(Beginning of RAW DATA)
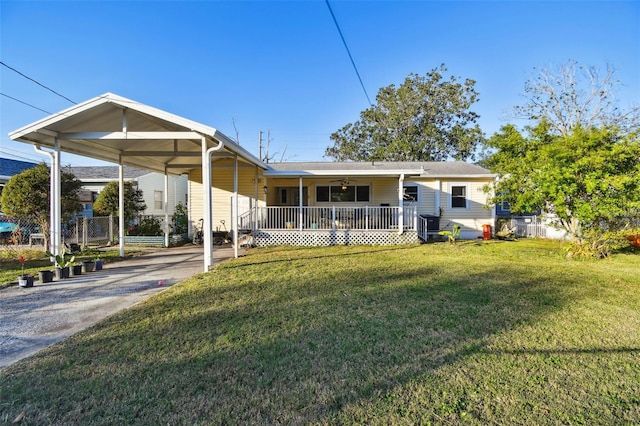 rear view of property featuring central air condition unit, a yard, a porch, and a carport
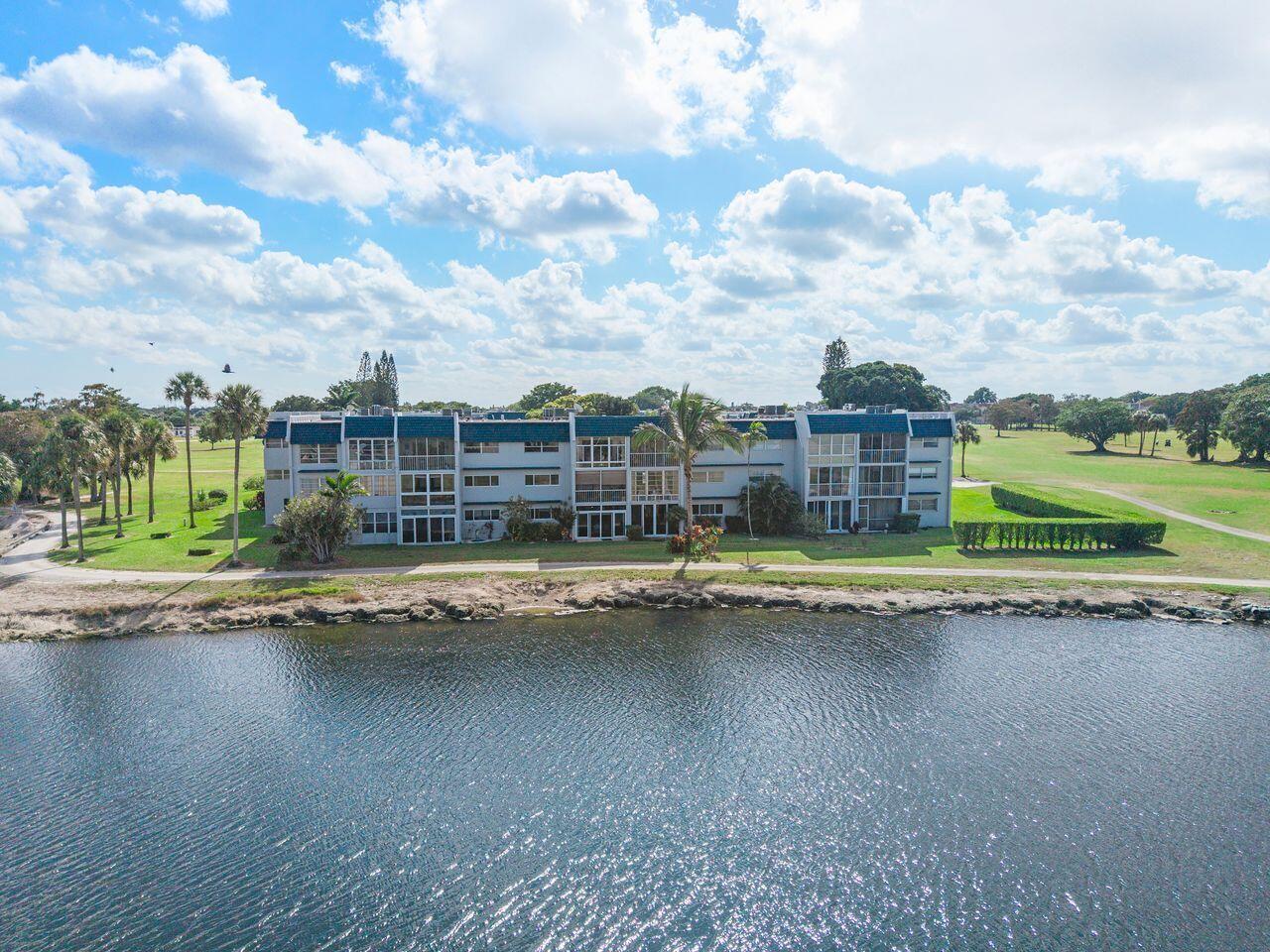 An aerial view of a multi-story apartment building situated along a waterfront and golf course — 7807 Golf Cir Drive # 308, Margate FL 33063, MARGATE, FL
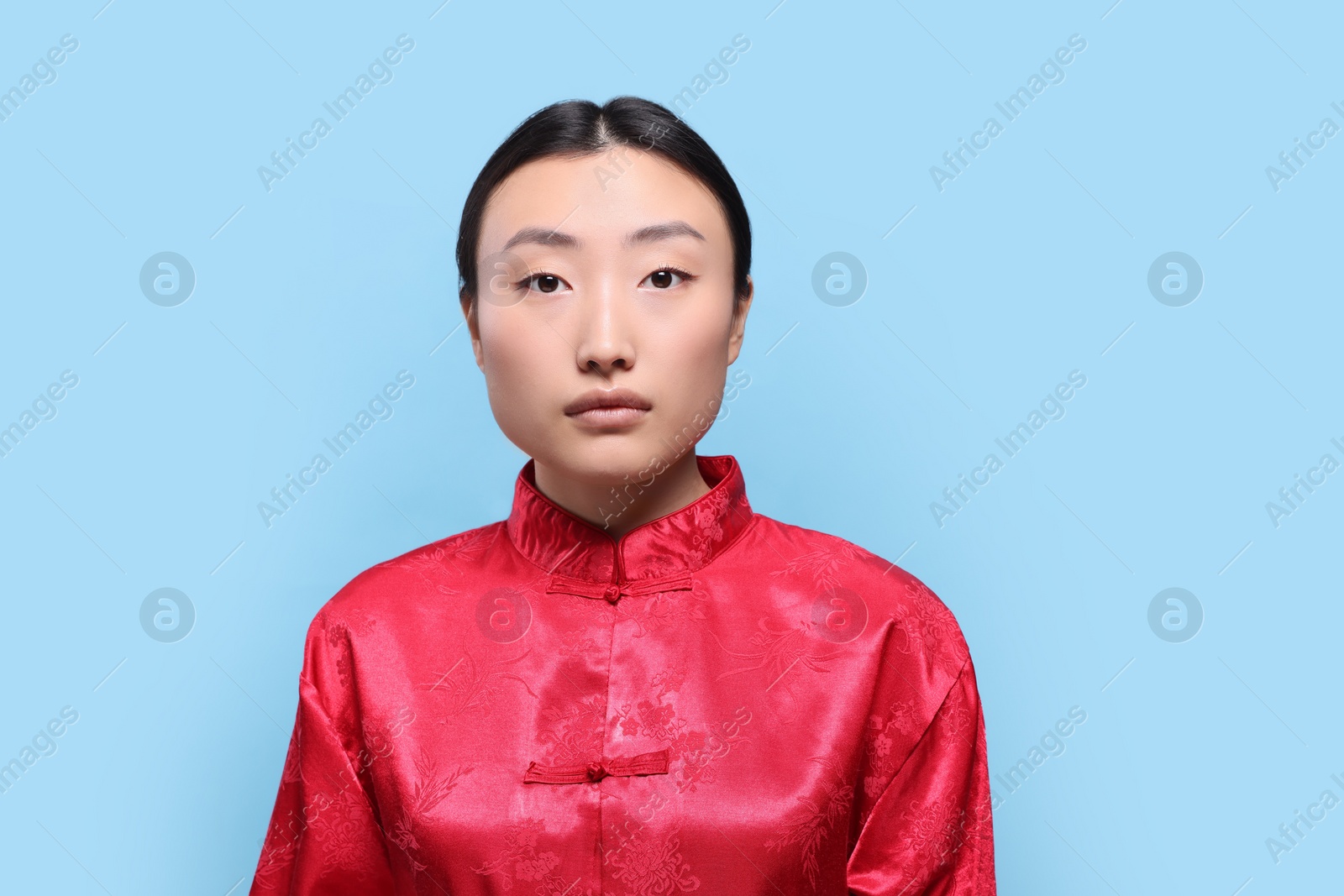 Photo of Portrait of young Asian woman on light blue background, space for text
(End of RAW DATA)
TASK ITEM: Give back the material above exactly, but without its images.

WRITTEN SOLUTION:
 rear view of property featuring central air condition unit, a yard, a porch, and a carport
 An aerial view of a multi-story apartment building situated along a waterfront and golf course — 7807 Golf Cir Drive # 308, Margate FL 33063, MARGATE, FL
 Photo of Portrait of young Asian woman on light blue background, space for text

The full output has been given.